**AIM OF THE EXERCISE**. Every record must appear in your copy exactly as written, with no pictures.

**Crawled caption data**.
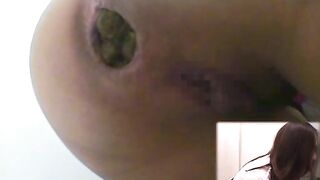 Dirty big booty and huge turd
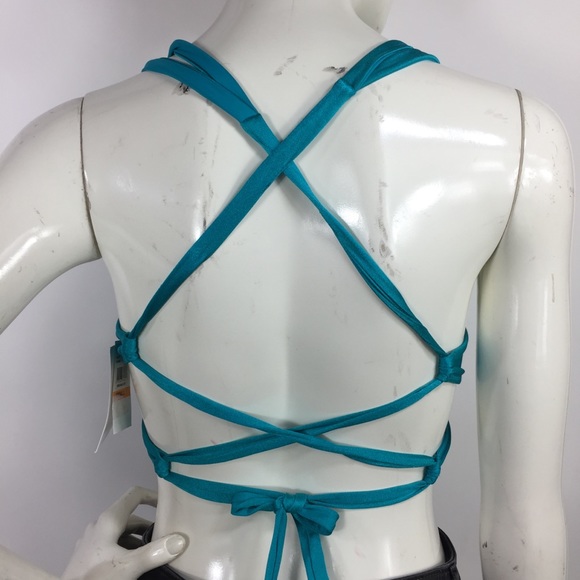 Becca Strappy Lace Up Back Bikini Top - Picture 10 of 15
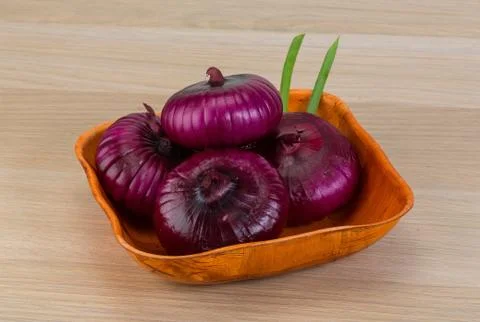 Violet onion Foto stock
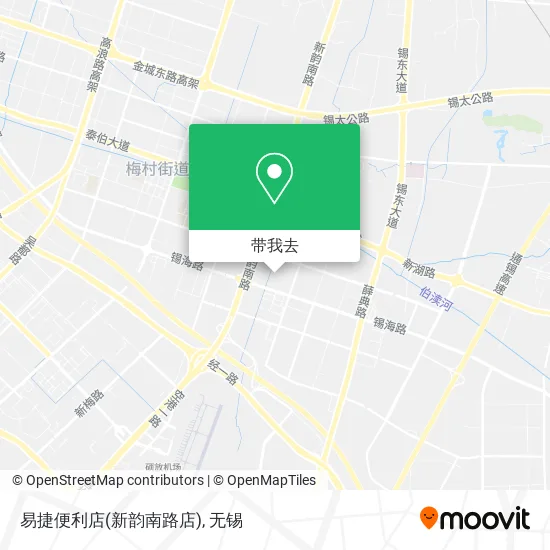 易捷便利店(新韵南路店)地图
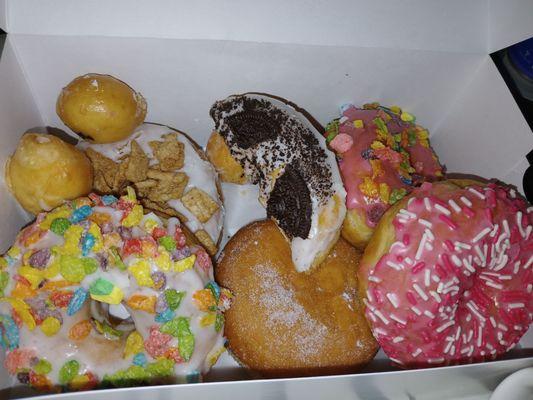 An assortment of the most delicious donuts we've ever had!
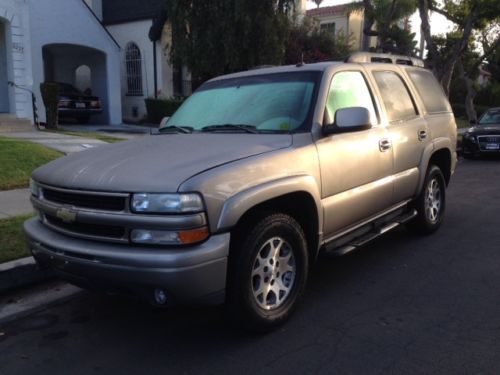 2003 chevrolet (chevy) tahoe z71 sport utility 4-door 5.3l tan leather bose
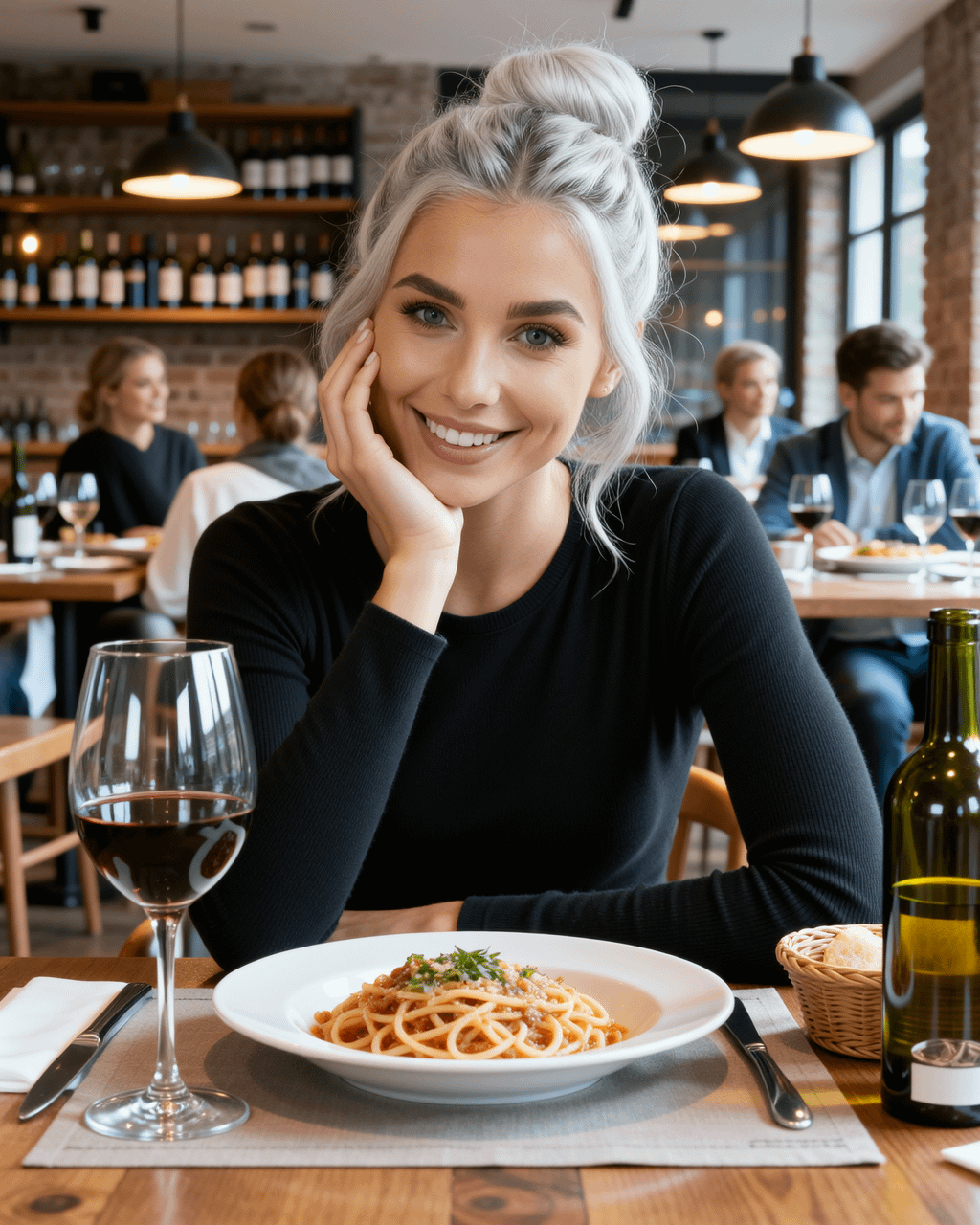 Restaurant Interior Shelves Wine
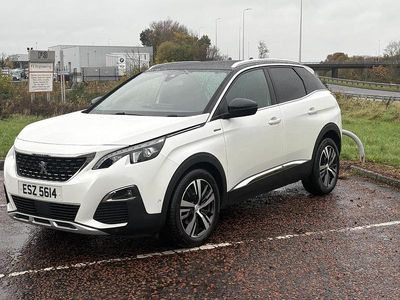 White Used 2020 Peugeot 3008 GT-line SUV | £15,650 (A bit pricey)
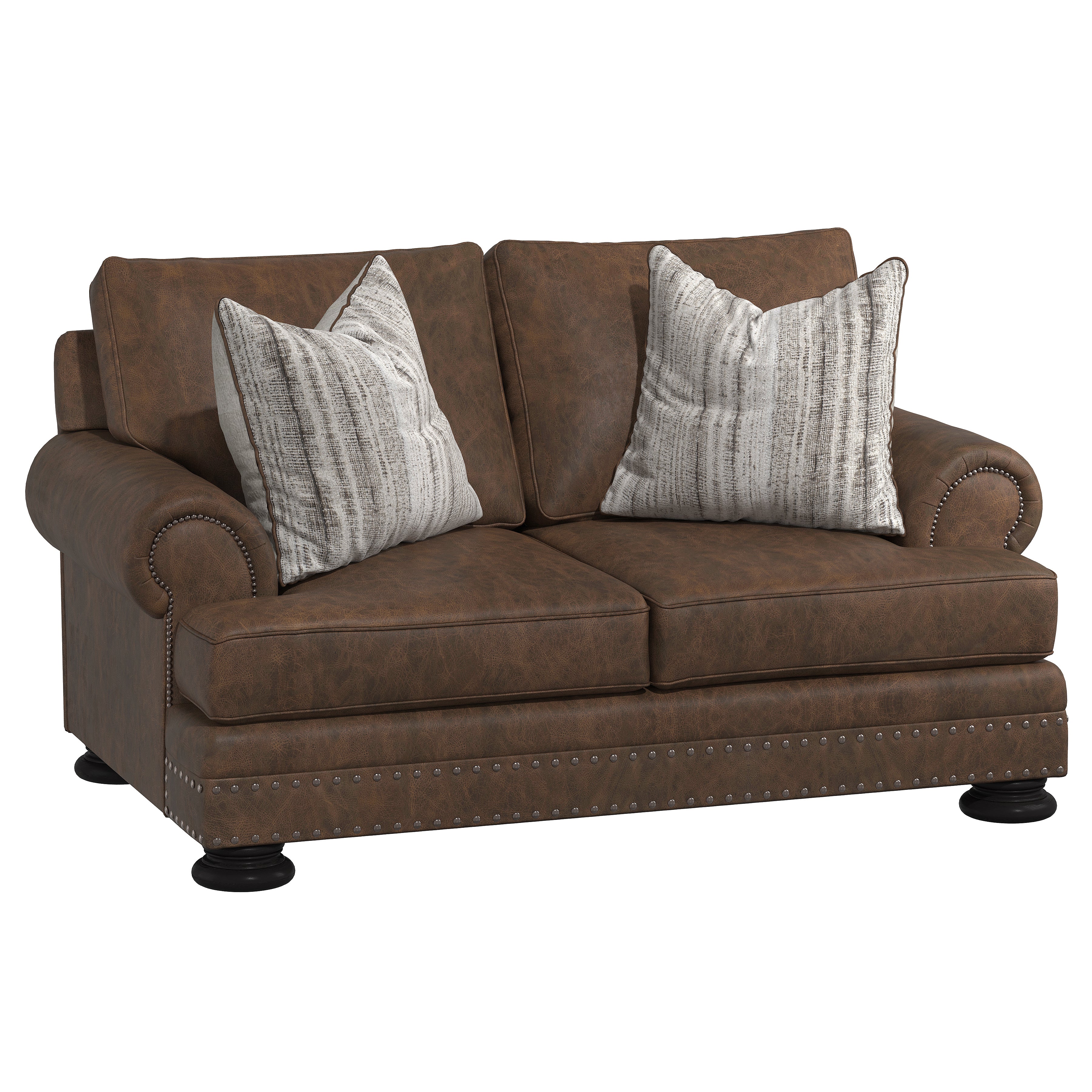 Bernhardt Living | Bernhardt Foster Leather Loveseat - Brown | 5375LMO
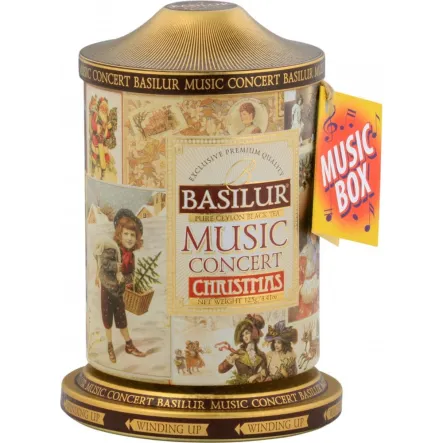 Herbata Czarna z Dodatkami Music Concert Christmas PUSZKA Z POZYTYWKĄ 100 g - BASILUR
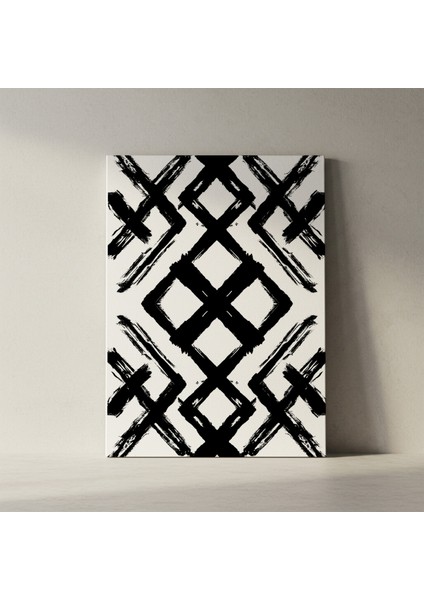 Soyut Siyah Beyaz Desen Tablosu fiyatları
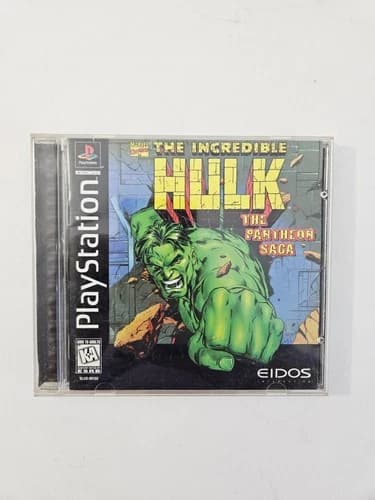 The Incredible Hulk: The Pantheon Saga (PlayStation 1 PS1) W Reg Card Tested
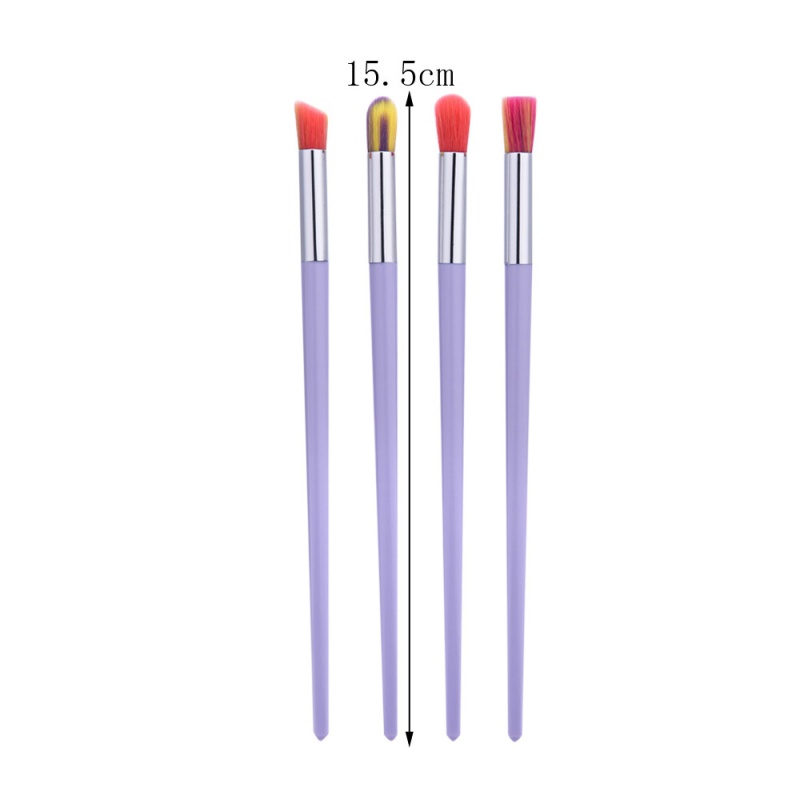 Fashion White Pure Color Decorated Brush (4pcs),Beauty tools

**YOUR SOLUTION**.
 Dirty big booty and huge turd
 Becca Strappy Lace Up Back Bikini Top - Picture 10 of 15
 Violet onion Foto stock
 易捷便利店(新韵南路店)地图
 An assortment of the most delicious donuts we've ever had!
 2003 chevrolet (chevy) tahoe z71 sport utility 4-door 5.3l tan leather bose
 Restaurant Interior Shelves Wine
 White Used 2020 Peugeot 3008 GT-line SUV | £15,650 (A bit pricey)
 Bernhardt Living | Bernhardt Foster Leather Loveseat - Brown | 5375LMO
 Herbata Czarna z Dodatkami Music Concert Christmas PUSZKA Z POZYTYWKĄ 100 g - BASILUR
 Soyut Siyah Beyaz Desen Tablosu fiyatları
 The Incredible Hulk: The Pantheon Saga (PlayStation 1 PS1) W Reg Card Tested
 Fashion White Pure Color Decorated Brush (4pcs),Beauty tools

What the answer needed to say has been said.